Cpt. Kirk &. Reformhölle (What’s So Funny About ..., 1992) Eine der ersten Bands, die mit dem Gestus Musik und Texte gemacht hat, der als „Hamburger Schule“ subsumiert wurde. Frontmann Tobias Levin produziert mittlerweile auf seinem Label Electric Avenue Studio herausragende Platten.

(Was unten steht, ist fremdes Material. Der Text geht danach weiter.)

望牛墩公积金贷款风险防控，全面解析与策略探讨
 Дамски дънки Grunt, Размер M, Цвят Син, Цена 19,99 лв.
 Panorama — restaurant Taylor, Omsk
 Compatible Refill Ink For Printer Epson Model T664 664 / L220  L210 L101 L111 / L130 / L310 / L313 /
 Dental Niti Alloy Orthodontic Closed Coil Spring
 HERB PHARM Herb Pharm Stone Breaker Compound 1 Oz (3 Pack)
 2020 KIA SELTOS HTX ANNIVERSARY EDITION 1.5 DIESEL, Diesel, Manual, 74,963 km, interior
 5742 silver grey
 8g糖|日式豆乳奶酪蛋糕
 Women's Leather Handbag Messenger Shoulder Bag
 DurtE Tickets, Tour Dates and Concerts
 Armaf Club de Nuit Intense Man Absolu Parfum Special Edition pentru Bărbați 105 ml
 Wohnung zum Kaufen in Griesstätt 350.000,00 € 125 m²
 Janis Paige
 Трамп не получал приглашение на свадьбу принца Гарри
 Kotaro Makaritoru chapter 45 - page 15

various artists Pudel Produkte 12 (Staatsakt, 2010) 12” Wichtiges Cover von Schorsch Kamerun zum Gentrifizierungswahn mit: Die Goldenen Zitronen, Henke Systems, Gustav, School Of Zuversicht und Die Guhl Material Sekte.

Fischmob Power (Plattenmeister, 1998) Diese Platte vereint mehr Musikstile, als ich Zehen und Finger habe: „Schrammel oder Beats. Alles wird gut. Denn die Mutter von alledem heißt Musik. Und Mutter hat immer recht.“

Kommando Sonne-nmilch Jamaica (Major Label 2007) Wegen des tollen Covers von Champagneruschi ausgewählt. Denn: das ganze Œuvre von Jens Rachut, dem Sänger von Kommando Sonne-nMilch, sei hier empfohlen: Von „Angeschissen“, „Das Moor“, „Blumen Am Arsch Der Hölle“, „Oma Hans“, „Seuchenprinz“ bis „Nuclear Raped Fuck Bomb“.

DJ Koze Music Is Okay (Yo Mama’s Recording, 2000) Sein erstes Album voller spitzenmäßiger Remixe von Musikern wie Blumfeld, Station 17, Rocko oder Tocotronic. Wird uns noch vor Ende des Intros aus den Händen gerissen, sobald wir es Second Hand im Laden haben.

Ada Meine Zarten Pfoten (Pampa Records, 2011) „Wow, was war denn das nochmal für eine tolle Platte?“ Denk ich jedes Mal und freue mich dann, diese Platte zu kennen. Im weitesten Sinne Pop mit Ausflügen in die Genres House, Chanson und Electronic. Jan Delay Searching For The Jan Soul Rebels (Buback, 2001) Nach dem grandiosen Nena-Cover „Irgendwie, Irgendwo, Irgendwann“ kam diese Scheibe: Tolle, sehr linke Texte, und die Musik liegt zwischen Reggae und Dub, mit viel Druck. Wichtige Platte!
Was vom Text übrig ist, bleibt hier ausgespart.